In the modern era of disruptors like Tesla and Uber, large and established automobile manufacturers know they need to develop better, more personalized products and services to compete. This requires auto companies to use data and analytics to better understand their customers and driving behavior. For example, using sensor data automakers can program a vehicle’s software to adjust the internal air conditioning, window positions and seat inclinations automatically per a passenger’s preference. That is truly personalized service.

Data science at scale is the means for modeling sensor data to profile a customer in the auto industry. We were able to demonstrate this when an automobile manufacturer presented us with a challenging task to ‘profile and identify the drivers’ of their cars to personalize the customer experience. This required processing and analyzing large volumes of sometimes messy data. Throughout the engagement, we paired with the client’s domain experts to learn how they thought about profiling drivers and their driving habits to gain insights using sensor data and advanced machine learning tools.

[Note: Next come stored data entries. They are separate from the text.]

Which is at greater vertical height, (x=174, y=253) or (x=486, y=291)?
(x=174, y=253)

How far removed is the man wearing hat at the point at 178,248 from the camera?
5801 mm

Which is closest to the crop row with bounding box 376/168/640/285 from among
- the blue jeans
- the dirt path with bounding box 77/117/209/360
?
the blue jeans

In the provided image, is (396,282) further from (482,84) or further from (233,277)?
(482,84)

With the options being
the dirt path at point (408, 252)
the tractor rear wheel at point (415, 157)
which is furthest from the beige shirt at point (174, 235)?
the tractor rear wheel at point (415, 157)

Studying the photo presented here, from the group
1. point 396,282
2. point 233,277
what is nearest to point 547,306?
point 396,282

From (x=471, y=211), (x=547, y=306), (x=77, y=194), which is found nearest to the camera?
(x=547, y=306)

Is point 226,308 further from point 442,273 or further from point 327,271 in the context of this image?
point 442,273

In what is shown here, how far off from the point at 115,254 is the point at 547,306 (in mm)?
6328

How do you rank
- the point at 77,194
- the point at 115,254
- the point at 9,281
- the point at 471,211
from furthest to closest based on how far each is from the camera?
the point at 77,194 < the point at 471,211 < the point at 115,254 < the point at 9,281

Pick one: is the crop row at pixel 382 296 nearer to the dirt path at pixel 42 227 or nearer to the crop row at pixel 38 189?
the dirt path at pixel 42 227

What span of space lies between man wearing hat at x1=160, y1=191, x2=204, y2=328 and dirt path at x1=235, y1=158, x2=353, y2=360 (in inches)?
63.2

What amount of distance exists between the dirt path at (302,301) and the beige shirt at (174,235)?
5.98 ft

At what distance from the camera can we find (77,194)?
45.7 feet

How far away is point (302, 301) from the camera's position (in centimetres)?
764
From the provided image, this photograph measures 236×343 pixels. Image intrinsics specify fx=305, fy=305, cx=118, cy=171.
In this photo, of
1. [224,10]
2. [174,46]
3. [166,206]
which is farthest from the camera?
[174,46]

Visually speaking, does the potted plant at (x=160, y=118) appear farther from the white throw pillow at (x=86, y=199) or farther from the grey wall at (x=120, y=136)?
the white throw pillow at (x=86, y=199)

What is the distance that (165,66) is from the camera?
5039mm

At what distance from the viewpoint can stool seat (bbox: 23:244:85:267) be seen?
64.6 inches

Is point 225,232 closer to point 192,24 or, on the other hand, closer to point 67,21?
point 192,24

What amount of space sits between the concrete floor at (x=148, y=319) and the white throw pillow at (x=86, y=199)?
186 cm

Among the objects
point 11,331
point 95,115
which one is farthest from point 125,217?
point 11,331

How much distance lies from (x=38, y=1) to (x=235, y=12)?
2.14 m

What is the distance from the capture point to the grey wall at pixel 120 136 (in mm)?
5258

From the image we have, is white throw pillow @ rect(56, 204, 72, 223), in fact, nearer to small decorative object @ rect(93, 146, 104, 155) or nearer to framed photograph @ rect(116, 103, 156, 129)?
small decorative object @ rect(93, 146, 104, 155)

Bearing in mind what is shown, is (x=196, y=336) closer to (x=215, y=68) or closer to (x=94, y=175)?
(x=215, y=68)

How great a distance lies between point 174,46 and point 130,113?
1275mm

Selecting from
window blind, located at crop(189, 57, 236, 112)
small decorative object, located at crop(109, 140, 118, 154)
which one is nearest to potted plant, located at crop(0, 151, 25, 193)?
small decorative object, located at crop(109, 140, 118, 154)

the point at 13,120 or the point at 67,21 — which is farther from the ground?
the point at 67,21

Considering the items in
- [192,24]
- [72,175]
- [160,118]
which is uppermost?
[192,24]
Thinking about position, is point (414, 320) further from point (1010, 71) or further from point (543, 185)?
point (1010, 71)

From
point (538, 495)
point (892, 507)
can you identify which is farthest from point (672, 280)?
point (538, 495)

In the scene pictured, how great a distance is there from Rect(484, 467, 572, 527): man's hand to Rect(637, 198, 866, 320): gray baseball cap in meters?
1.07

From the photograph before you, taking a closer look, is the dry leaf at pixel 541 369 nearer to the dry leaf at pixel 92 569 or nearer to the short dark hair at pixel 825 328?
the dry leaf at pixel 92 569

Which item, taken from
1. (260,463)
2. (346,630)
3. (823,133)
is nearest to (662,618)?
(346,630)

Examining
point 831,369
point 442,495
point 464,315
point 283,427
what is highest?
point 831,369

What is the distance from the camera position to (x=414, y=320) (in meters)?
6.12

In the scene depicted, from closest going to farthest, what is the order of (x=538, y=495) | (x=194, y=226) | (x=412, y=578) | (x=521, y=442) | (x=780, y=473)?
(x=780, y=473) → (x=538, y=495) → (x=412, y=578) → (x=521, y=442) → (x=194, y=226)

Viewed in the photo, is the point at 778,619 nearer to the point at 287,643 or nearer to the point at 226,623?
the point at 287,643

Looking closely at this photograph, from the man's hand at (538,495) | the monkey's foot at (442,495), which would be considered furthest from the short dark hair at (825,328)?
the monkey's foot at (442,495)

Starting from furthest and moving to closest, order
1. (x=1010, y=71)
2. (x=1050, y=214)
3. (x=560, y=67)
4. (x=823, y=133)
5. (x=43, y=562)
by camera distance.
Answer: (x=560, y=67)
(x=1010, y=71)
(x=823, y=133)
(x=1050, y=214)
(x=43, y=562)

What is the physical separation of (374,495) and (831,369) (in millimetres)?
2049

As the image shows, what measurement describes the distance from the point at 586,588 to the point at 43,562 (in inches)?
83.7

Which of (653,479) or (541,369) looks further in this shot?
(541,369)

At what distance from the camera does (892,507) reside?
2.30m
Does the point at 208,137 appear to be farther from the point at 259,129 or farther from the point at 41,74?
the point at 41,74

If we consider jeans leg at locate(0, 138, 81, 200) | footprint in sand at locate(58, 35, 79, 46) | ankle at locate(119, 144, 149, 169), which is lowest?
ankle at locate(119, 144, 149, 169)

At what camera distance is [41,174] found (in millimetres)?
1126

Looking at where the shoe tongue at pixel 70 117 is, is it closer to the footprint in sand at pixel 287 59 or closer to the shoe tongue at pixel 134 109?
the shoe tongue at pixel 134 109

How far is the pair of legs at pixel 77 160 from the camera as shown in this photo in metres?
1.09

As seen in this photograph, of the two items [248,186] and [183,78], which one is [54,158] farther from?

Following our data science methodology, the main objective of the engagement was to identify drivers using currently available data related to:

  1. Physical attributes of a driver (e.g. how tall or short the driver is)

    • Seat position/(s)

    • Rearview mirror positioning,

    • Moonroof/sunroof usage, etc.

  2. Surrounding cruising environment (e.g. routes frequently visited)

    • Trip coordinates

    • Traffic news events along the journey route

    • Weather conditions, etc.

  3. Driving behavior (e.g. how hard the driver brakes)

    • Acceleration usage

    • Steering directions, usage

    • Turn indicator usage etc.


Data Exploration

With twenty different car models of both ‘sold’ (a.k.a. customer) and ‘R&D’ (a.k.a. company) vehicles, we explored a data set of approximately one hundred thousand ‘trips’. A ‘trip’ includes two dimensions: (1) the distance covered between ‘on’ and ‘off’ states of a car’s engine and (2) the elapsed time between ‘on’ and ‘off’ states.. ‘Sold’ cars were instrumented with two sensors that capture trip data, which was then automatically uploaded at the end of each trip to a central database. R&D vehicles were equipped with more pre-production sensors, but their ability to collect data was hampered by frequent software updates. These updates were often untimely, managed by different R&D groups in the organization, and interfered with the accuracy of collected readings. In short, vehicle sensor data was non-standardized, varied in quality and was semi-structured.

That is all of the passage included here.